Pukul 13.00 aku kembali duduk di atas kursi empuk warna biru yang ada
dalam kamarku untuk melanjutkan film Al Fatih yang aku pause beberapa menit yang lalu. Setelah beberapa menit menyaksikan
film yang semakin seru, timbul satu masalah besar. Bagaimanapun hebatnya
seorang Al Fatih menyusun strateginya untuk menyerang konstantinopel, rasa
kantukpun tak mau kalah menyusun strateginya yang luar biasa untuk menyerang
kedua mataku, hanya bertahan 35 menit di hadapan laptop, hatiku mulai berperang
untuk menentukan sikap yang harus aku putuskan, berhenti menonton kemudian tidur, atau tetap menahan rasa kantuk dan
menyelesaikan tontonan yang penuh didikan itu. Akhirnya kubu positif kalah, dan
akupun memutuskan untuk menghentikan film tersebut dan membaringkan badan yang
cukup lelah ini pada kasur empuk yang berada tepat di samping meja tempat aku
melangsungkan aktivitasku bersama buku-buku dan laptop yang selalu terkoneksi
dengan internet. Yah tidur siang kali ini mungkin akan sedikit menyenangkan
karena bisa mengistirahatkan badan yang masih terasa pegal karena olahraga futsal
yang aku ikuti kemarin.
Pukul 16.23 aku terbangun dengan perasaan bangga atas kebugaran badan
ini, jika sebuah computer yang terlalu lama bekerja dan mulai “lolam” (loading lama), salah satu cara
mengatasinya adalah melakukan restart untuk memulihkan kembali
perangkat-perangkatnya yang mulai memanas karena bekerja terlalu lama,
demikianlah badanku, serasa seperti telah melakukan restart terhadap otot-otot yang mulai lemah karena bekerja terlalu
lama. Dan sekarang kembali bugar dan bisa bekerja dengan efektif. Tetapi betapa
hancur rasa di hati ketika menyaksikan kondisi lembab di luar jendela di tambah
gelap langit yang menghapus terang mentari. Akupun bergegas meninggalkan kasur
empuk milikku menuju tempat aku menjemur pakaian yang sangat aku rindukan kekeringannya.

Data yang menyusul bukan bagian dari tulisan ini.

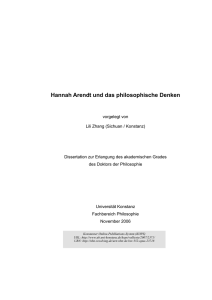 Hannah Arendt und das philosophische Denken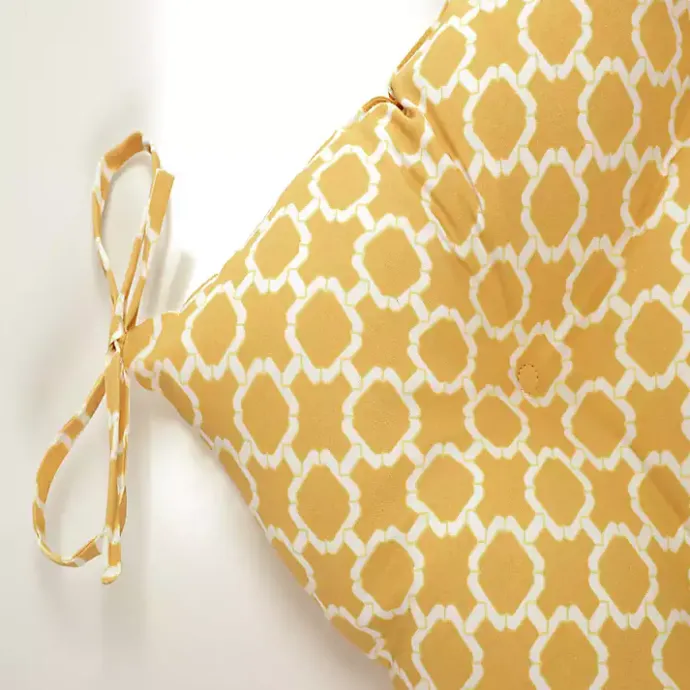 Best Kirklands Home Tufted Tie Outdoor Seat Cushions, Set of 2 Yellow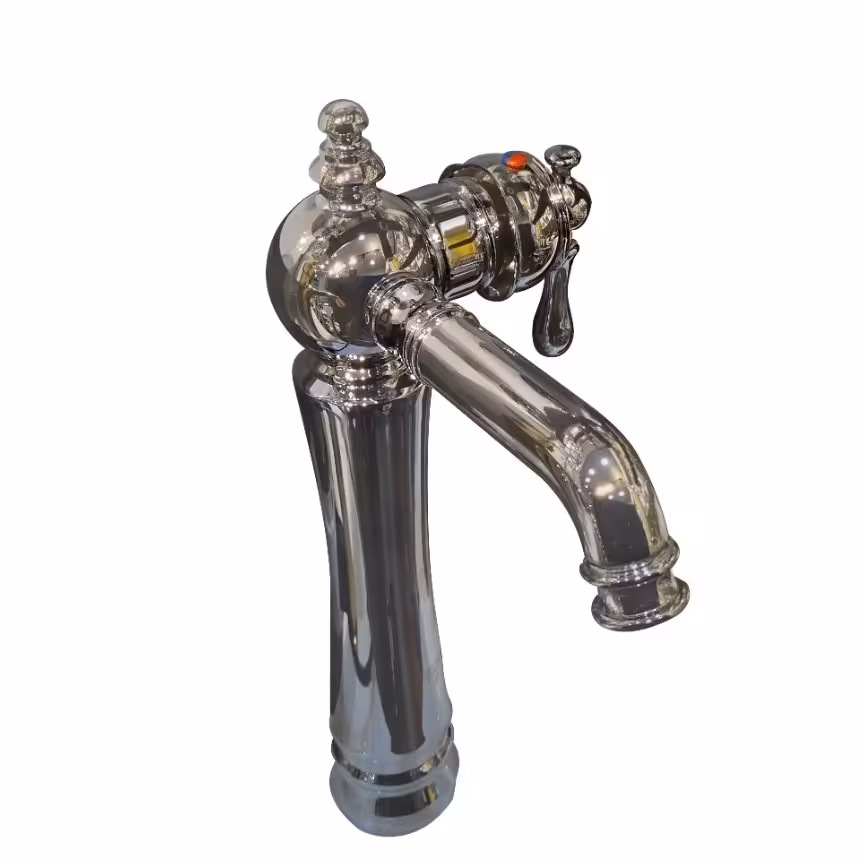 شیر روشویی پایه بلند کروم براق 5 سال گارانتی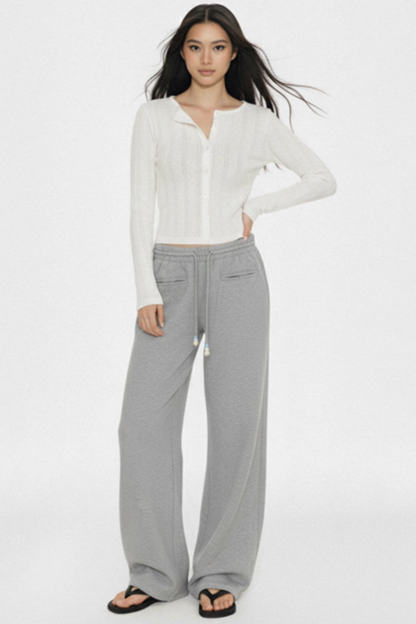 Gray Beaded Sweatpants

Ingin rasanya meneteskan air mata menyaksikan pakaianku berserakan di permukaan
tanah dengan kondisi basah kuyup. Pikiran terasa menggila ingin mengangkat dan
menumpahkan isi perut bumi. Pupus sudah harapan itu, harapan indah yang
menghangatkan hati di tengah dinginnya musim hujan bak salju di kutub utara.
Berbagai macam alasan untuk menyalahkan diriku sendiri, tidur sianglah
yang jadi dalang utama dari kelalaian ini, sempat aku berpikir tidur siang hari
ini adalah yang terakhir kalinya aku lakukan seumur hidupuku, tetapi rasanya
sulit juga untuk meninggalkan aktifitas yang satu ini, sehingga pikiran itu
segera aku hilangkan. Akhirnya aku harus
mengurungkan niatku mengenakan pakaian bersih nan wangi, bersabar menanti
datangnya mentari adalah satu-satunya cara terbaik untuk mengakhiri kisah pahit
ini. Tinggallah aku dengan pakaian yang mulai kotor menyelimuti tubuhku.